Haha first, I appreciate the thanks, I'm glad you guys are diggin what I'm writing.
Secondly though, we have the mindset all wrong, and it's probably my fault. Your cows are your most treasured asset, and there is no such thing as a useless cow, or a dried up udder.
I'm writing up a piece on customer appreciation, and now I'll definitively post it over here. Your cows are your most valued asset. If you think a cow is just an udder to be milked, forgotten about, then milked again when you need the cash, you're going to find you have a pretty useless farm.
You gotta feed the cow.
You gotta shelter the cow.
You gotta make sure the cow is healthy and happy.
Otherwise, you're going to get little or no milk.
You have to create relationships with your customers. I mean real relationships, true friendships.
How many guys in your area offer the same exact stuff you do? 15? 20? 50?
What are you doing right now to guarantee your cows aren't gonna jump on the next shiny tractor?
The whole point of my previous post was to impress upon you guys one reason it's important to have a client database. It's definitely the easiest and cheapest way to market. But you have to have the relationships in place.

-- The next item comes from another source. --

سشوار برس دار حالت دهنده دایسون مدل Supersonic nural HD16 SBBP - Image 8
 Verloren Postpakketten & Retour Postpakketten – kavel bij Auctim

BUILD REAL RELATIONSHIPS WITH YOUR CUSTOMERS.
When I was in high school, I was the ground guy (read gopher) for my girlfriend's Dad. He was a contractor who did mostly one story additions. I remember the first job I was on, about three weeks into it, I was backing up the big ass Chevy rack truck, and I ran over their HOs cat. I **** you not, I killed the cat. Completely an accident, but I though holy crap I just cost us this job.
I was moved off the job for like 2 days, but the HO kept asking where I was. She was a really laid back younger lady, and she was amazingly quite cool about it. Anyways, we get the job done at end of the summer (kitchen remodel, new bathroom, new dining room, sauna, finish the basement), and she throws the company a thank you party. Dave, the guy I worked for, got 8 referrals from this party alone.
Why did a woman throw a party for the same people who crushed her cat? And why did she refer us to her friends?
Because Big Dave was a people person and had a business philosphy I follow very closely now. Make your clients your friends, don't just see a paycheck. And we all got it.
They were always asking us to have beers after work on Friday, cracking jokes, generally having a good time. Even though something pretty ****ty happened, we had a whole summer where we were in their personal space getting to know them, and building a relationship with them.
What are you doing to build bulletproof relationships with clients?
The biggest mistake I know of in business is to just see the sale. How much money am I going to make this time?
DO NO DO THAT!!!
Sure, this couple might be worth a 40k job right now, but what is the lifetime value of them worth? How much business can they bring in for me? How many referrals are they going to give me? How am I rewarding them for those referrals?
A Customer Database is the tool in your arsenal. Use it to its maximum potential.
Do not think about your cows as hamburger. Don't even think about them as business partners.
Think of them as friends and treat them as such. My cows know how valuable they are to me. Some of my cows are my most trusted business associates, and some really good friends.
The Wrap Up
Do not use your database to just shoot of marketing crap. Give value. Use it to keep in touch. Build bulletproof relationships. Let me make this promise to you right now: If you build real relationships with your customers, you won't ever be beaten on price again. Ever. In the history of Ever.
Treat your cows like the gold that they are. No more one and done.
Thanks for reading the mind dump, wait until you see the article I'm working on.